Dopo aver assunto il controllo delle forze armate, il controllo diretto di metà dell'impero e delle sue risorse finanziarie, Ottaviano iniziò ad assumere il controllo del potere legislativo.

Lo fece sempre alla sua maniera, presentandosi non come un rivoluzionario, ma come il garante dell'ordine costituito.

Si fece eleggere console: in tal modo si garantiva il diritto di convocare il Senato e di proporre leggi.

Come sappiamo il consolato era una magistratura elettiva e annuale.

Ottaviano, però, fu nominato console anno dopo anno, in pratica fu console a vita.

 

In più divenne princeps senatus, una carica onorifica che spettava tradizionalmente al senatore più anziano in carica e che, invece, eccezionalmente fu conferita a Ottaviano per aver riportato la pace nell'impero.

Il princeps senatus aveva il diritto di votare per primo in assemblea, potendo così influenzare la decisione degli altri senatori.

 

A Roma, tuttavia, esistevano due assemblee legislative: il Senato e i Comizi plebei.

 

Ottaviano si fece nominare, nel 23 a.
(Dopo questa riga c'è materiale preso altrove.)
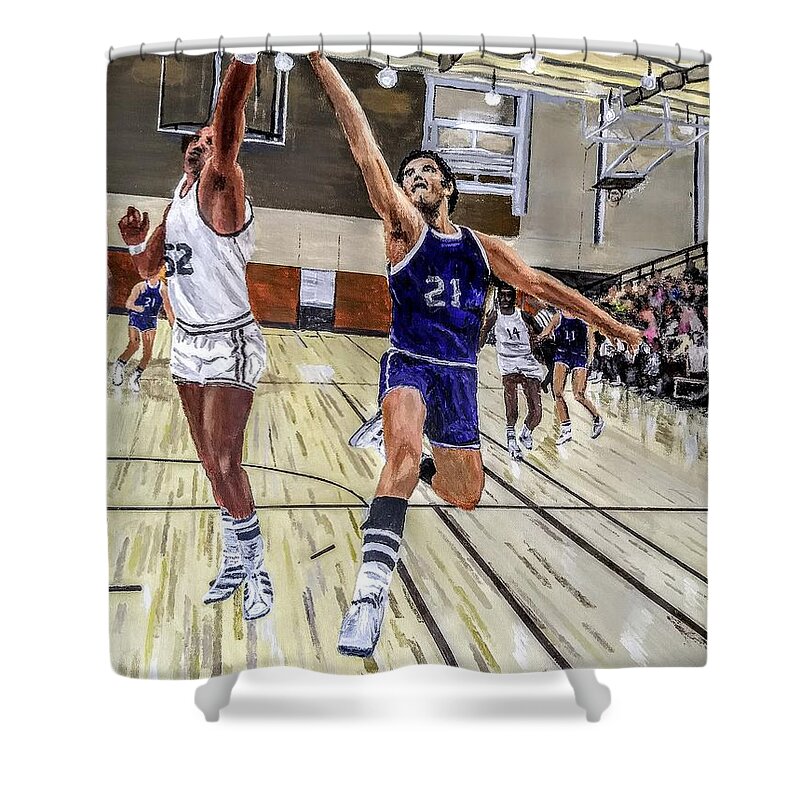 Semi-pro Shower Curtain featuring the painting 70's Layup by Kevin Daly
C., tribuno della plebe, con un più di auctoritas rispetto ai colleghi.

In quanto tribuno poteva convocare i comizi, proporre leggi e opporre il diritto di veto ad eventuali decisioni scomode prese in Senato.

E se qualche tribuno particolarmente coraggioso avesse voluto opporsi a lui, a Ottaviano?
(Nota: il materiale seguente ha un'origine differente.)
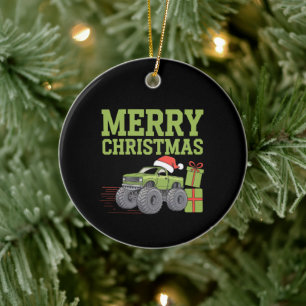 God Jul Monster Truck Småpojkar Xmas Julgransprydnad Keramik
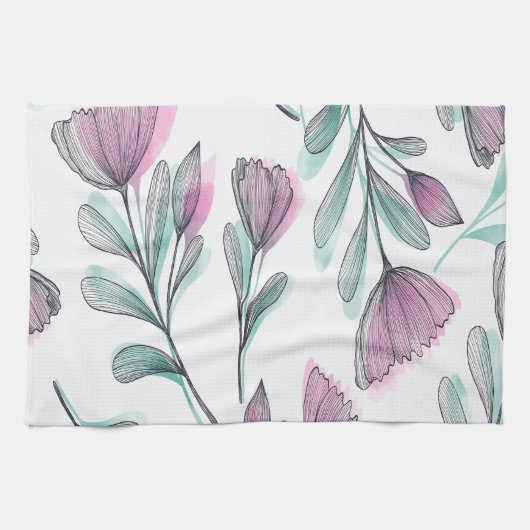 Linge De Cuisine Roses violets (Horizontal)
Avendo il diritto di veto, avrebbe potuto costituire una seria minaccia.

Invece, avendo un'auctoritas maggiore, il voto di Ottaviano contava più degli altri.

In pratica era una dittatura, ma opportunamente mascherata.

 

E se per caso il senato avesse comunque voluto votare contro Ottaviano o se qualche generale particolarmente intraprendente avesse tentato di occupare Roma con la forza, come già Silla e Cesare?
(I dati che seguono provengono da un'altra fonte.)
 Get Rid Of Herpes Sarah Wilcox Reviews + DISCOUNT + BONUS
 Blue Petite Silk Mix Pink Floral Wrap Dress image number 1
A questo scopo Ottaviano, decise di istituire uno speciale corpo di guardia, per evitare possibili attentati terroristici alla sua persona: la coorte pretoria.

Novemila uomini ben armati, ben addestrati e soprattutto fedelissimi a Ottaviano.

Quando si trattava di far approvare dal Senato un provvedimento particolarmente dibattuto, la coorte si schierava in assetto da combattimento davanti all'ingresso del palazzo dove i senatori si stavano recando a votare.

Guarda caso da questo momento, il Senato non votò mai un provvedimento contrario agli interessi del princeps.

 

Ricapitoliamo: Ottaviano aveva assunto il controllo delle forze armate, del potere legislativo ed esecutivo.

Cosa gli mancava?

Il potere giudiziario, tradizionalmente gestito dai senatori.

 

Anche in questo caso Ottaviano agì in modo soft dal punto di vista formale e devastante sotto il profilo della sostanza.

Confermò che le attività giudiziarie erano controllate dal Senato, ma inventò il processo d'appello.

In pratica, si diceva nell'interesse dei cittadini e per aumentarne i diritti, si decise che se un cittadino romano avesse subito una condanna che riteneva ingiusta, sarebbe stato suo diritto chiedere un nuovo giudizio direttamente al princeps.

Egli, infatti, era super partes e avrebbe agito secondo equità e giustizia.

Da quel momento, ovviamente, chiunque fosse in grado di pagare un bravo avvocato, ricorreva in appello presso i tribunali appositamente istituiti dal princeps con funzionari da lui nominati che, al solito, rispondevano direttamente a lui.

I magistrati del Senato, nella sostanza, non contavano più nulla.

 

Infine, giusto per completare la collezione, decise di farsi nominare pontifex maximus, assumendo l'ultimo potere che gli mancava: il potere religioso.

 

Se volessimo fare un paragone spicciolo con la nostra realtà, in pratica Ottaviano era, contemporaneamente e a vita: Primo ministro, Presidente della Repubblica, Capo delle forze armate, Ministro dell'Economia e degli Esteri, Capo del CSM (Consiglio Superiore della Magistratura), proprietario della Banca d'Italia (o di una sua parte cospicua), proprietario di tutte le televisioni, dei giornali e di internet, Capo dei servizi segreti e, infine, Papa.